▶ **DATA EXTRACT**:
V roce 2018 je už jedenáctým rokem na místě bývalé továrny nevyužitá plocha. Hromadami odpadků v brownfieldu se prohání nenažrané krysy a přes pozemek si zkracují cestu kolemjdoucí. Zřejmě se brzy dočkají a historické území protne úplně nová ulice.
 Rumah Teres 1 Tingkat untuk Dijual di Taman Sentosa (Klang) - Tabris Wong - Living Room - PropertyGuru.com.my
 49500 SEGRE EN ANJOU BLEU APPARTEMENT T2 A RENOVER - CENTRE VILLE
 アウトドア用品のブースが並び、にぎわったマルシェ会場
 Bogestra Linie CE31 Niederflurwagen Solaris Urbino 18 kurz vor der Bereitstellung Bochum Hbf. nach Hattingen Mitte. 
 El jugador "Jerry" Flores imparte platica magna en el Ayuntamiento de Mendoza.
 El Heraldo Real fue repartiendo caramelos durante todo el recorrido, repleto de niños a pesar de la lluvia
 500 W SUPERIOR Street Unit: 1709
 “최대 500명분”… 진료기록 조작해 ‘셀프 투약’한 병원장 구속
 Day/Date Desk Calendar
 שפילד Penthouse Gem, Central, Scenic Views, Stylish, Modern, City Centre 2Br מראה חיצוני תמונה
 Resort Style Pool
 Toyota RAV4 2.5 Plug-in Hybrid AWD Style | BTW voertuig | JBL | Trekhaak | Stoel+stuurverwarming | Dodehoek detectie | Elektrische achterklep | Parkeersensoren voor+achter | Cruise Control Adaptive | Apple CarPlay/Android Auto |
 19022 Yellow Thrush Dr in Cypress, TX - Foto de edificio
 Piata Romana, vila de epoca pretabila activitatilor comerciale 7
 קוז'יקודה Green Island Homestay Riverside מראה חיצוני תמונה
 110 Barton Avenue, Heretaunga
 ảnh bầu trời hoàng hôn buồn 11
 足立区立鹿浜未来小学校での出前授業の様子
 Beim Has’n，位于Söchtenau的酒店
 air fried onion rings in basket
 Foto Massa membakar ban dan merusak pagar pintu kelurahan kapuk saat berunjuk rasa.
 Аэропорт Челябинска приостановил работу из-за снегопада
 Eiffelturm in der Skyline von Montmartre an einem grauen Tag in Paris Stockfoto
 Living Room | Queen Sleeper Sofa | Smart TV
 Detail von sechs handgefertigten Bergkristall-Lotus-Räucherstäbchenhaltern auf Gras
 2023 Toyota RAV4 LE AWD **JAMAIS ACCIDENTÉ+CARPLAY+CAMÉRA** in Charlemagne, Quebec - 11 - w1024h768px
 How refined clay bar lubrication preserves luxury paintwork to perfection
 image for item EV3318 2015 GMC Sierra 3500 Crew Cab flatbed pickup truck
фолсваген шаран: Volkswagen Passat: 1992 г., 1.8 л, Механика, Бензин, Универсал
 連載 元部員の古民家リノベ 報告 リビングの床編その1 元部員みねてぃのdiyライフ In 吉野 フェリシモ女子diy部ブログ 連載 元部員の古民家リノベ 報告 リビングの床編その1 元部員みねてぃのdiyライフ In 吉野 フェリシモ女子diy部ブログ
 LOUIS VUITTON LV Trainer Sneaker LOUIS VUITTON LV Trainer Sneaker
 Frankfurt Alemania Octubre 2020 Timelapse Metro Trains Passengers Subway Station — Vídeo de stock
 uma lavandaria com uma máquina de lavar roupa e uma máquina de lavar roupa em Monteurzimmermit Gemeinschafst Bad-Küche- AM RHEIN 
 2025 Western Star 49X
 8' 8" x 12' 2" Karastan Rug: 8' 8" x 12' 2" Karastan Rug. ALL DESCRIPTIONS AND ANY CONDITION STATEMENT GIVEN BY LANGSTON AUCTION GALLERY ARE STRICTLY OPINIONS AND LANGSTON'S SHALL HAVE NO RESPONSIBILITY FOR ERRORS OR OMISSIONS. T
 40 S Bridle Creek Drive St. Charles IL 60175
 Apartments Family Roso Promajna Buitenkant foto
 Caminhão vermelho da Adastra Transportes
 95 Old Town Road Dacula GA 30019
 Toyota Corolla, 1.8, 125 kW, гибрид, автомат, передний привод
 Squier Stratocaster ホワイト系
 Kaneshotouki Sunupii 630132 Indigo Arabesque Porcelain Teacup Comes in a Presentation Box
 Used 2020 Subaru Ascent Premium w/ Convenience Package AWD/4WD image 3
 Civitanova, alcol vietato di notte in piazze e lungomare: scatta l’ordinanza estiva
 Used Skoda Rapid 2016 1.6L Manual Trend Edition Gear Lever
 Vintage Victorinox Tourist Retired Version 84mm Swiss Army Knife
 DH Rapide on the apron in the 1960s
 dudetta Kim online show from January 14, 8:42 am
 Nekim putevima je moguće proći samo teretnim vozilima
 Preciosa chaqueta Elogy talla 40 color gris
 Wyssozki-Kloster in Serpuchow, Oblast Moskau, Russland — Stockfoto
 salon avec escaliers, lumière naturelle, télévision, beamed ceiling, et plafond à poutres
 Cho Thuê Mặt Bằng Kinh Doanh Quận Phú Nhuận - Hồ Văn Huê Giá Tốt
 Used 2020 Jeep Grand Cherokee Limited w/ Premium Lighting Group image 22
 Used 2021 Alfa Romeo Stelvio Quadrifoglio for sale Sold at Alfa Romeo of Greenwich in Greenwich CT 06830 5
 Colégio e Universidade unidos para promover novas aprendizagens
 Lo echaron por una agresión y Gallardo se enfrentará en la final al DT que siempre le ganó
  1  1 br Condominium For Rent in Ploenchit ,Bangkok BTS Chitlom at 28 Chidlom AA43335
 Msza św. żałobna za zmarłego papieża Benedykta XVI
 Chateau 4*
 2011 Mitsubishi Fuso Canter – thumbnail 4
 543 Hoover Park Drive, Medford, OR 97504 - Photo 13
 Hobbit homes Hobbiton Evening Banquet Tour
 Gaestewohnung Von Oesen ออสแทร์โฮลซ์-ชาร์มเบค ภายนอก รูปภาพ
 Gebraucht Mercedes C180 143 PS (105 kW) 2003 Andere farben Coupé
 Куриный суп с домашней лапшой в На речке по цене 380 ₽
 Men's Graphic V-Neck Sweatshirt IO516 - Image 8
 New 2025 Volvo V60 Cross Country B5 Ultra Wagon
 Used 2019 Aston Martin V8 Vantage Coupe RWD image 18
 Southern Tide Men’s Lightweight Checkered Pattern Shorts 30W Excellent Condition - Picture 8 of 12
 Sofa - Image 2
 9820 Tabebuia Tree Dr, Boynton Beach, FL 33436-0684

▶ **TASK DETAILS**:
Note each line above that contains "Room" and copy it out.

▶ **RESPONSE**:
 Rumah Teres 1 Tingkat untuk Dijual di Taman Sentosa (Klang) - Tabris Wong - Living Room - PropertyGuru.com.my
 Living Room | Queen Sleeper Sofa | Smart TV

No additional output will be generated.